From mboxrd@z Thu Jan  1 00:00:00 1970
From: Jesse Barnes <jbarnes@engr.sgi.com>
Subject: Re: SCSI QLA not working on latest *-mm SN2
Date: Tue, 21 Sep 2004 09:29:21 -0400
Sender: linux-scsi-owner@vger.kernel.org
Message-ID: <200409210929.21373.jbarnes@engr.sgi.com>
References: <20040917183029.GW642@parcelfarce.linux.theplanet.co.uk> <20040921054626.GF19511@colo.lackof.org> <20040921064506.GA143950@sgi.com>
Mime-Version: 1.0
Content-Type: text/plain;
  charset="iso-8859-1"
Content-Transfer-Encoding: 7bit
Return-path: <linux-scsi-owner@vger.kernel.org>
Received: from omx3-ext.sgi.com ([192.48.171.20]:48031 "EHLO omx3.sgi.com")
	by vger.kernel.org with ESMTP id S267681AbUIUN3f (ORCPT
	<rfc822;linux-scsi@vger.kernel.org>);
	Tue, 21 Sep 2004 09:29:35 -0400
In-Reply-To: <20040921064506.GA143950@sgi.com>
Content-Disposition: inline
List-Id: linux-scsi@vger.kernel.org
To: Jeremy Higdon <jeremy@sgi.com>
Cc: Grant Grundler <grundler@parisc-linux.org>, Andrew Vasquez <andrew.vasquez@qlogic.com>, pj@sgi.com, linux-scsi@vger.kernel.org, mdr@cthulhu.engr.sgi.com, jeremy@cthulhu.engr.sgi.com, djh@cthulhu.engr.sgi.com, Andrew Morton <akpm@osdl.org>

On Tuesday, September 21, 2004 2:45 am, Jeremy Higdon wrote:
> It was my understanding that this could be a problem on any
> MP machine where the CPUs use a write buffer (which is just
> about everything today).
>
> The question seems to be whether release semantics (or equivalent
> on other chips) in the IA64 apply to MMIO writes.  I believe that
> they do not.  It seems that you think that it does.

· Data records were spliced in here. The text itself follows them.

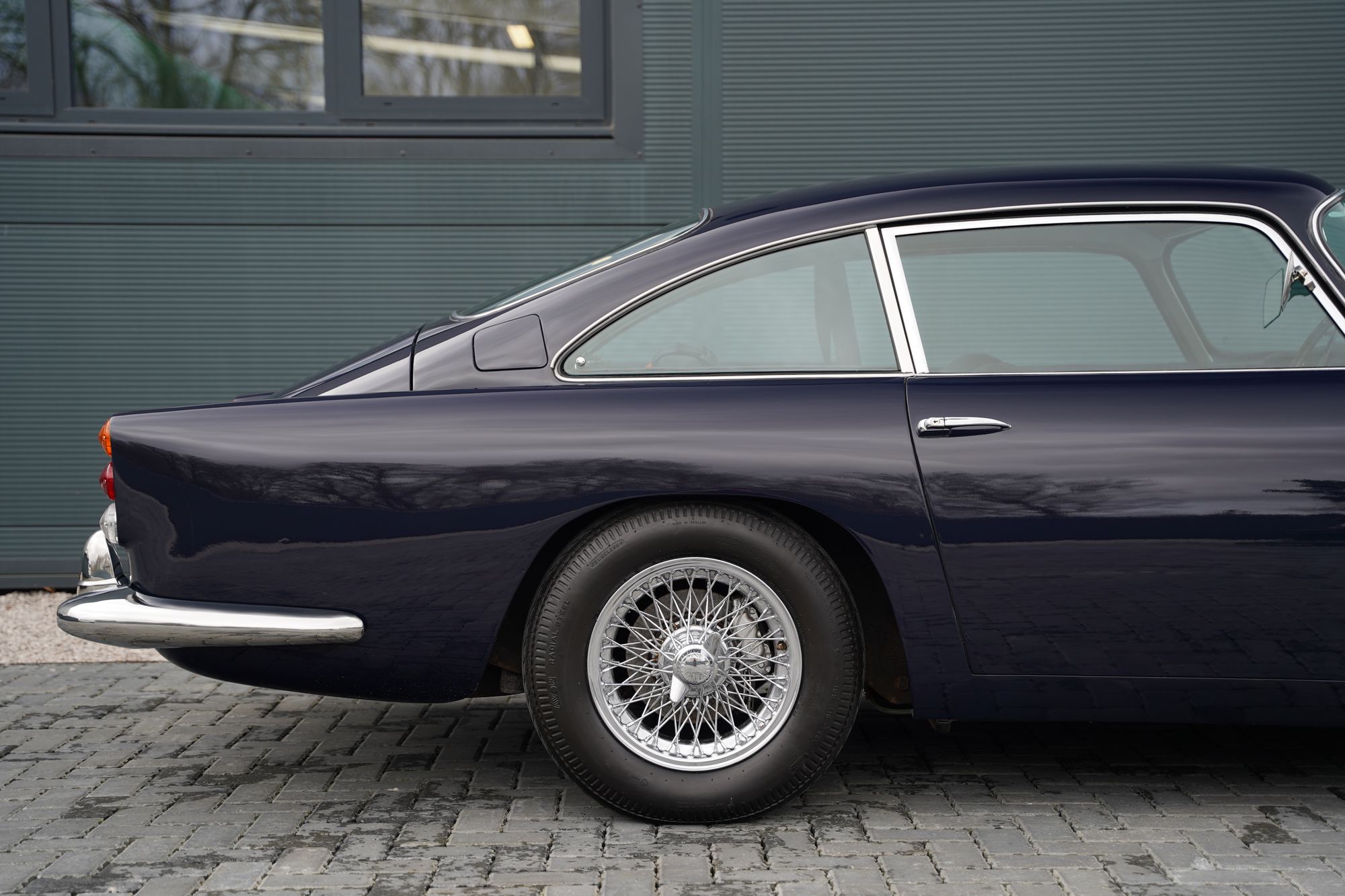 1965 Aston Martin DB5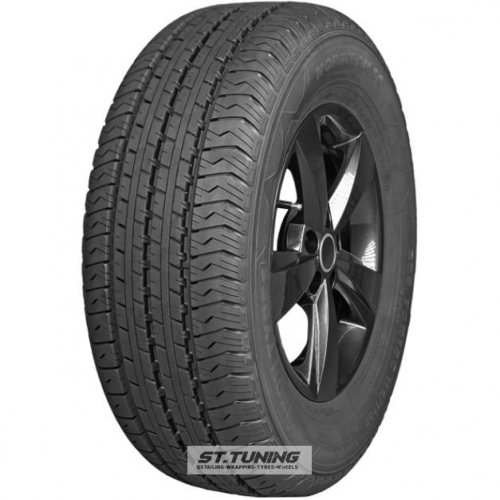Ikon Tyres Nordman SC 235/65 R16C 121/119R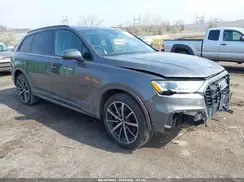 WA1LXAF76MD020393 2021 AUDI Q7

I think it's even more subtle than that.  Stores with release semantics will 
be visible on other CPUs if they're written to cacheable space, but in the 
case of MMIO writes, it's the local receiving Hub that can cause the problem.  
It'll try to send the PIO along to its destination Hub as soon as possible, 
but due to congestion, credit counts, etc., the write may be delayed and 
occur *after* a write from another CPU whose Hub is closer.  But then again, 
I could be confused.

> On Altix, we ran into a problem with the qla1280 driver (see
> version 1.56 in the scsi-misc-2.6 bk tree) because the spinunlock
> (apparently) did not imply a retirement of a previous mmio write.
> In that rev, I added an mmio read to so that the mmio write would
> be completed before releasing the spinlock (I believe the host
> lock held during the call to queuecommand).
>
> Before making that change, the problem was the two different CPUs
> would mmio write to the Request In register, and the ordering
> would flip, causing the qla1280 to think that it suddenly had
> an entire request queue.  We didn't see this problem on puny
> 64p machines (at least not under ordinary stress testing); we
> needed a 512p machine to see it, though odds are that it would
> have occurred very occasionally on smaller machines.

Good example, thanks for reminding me.

Jesse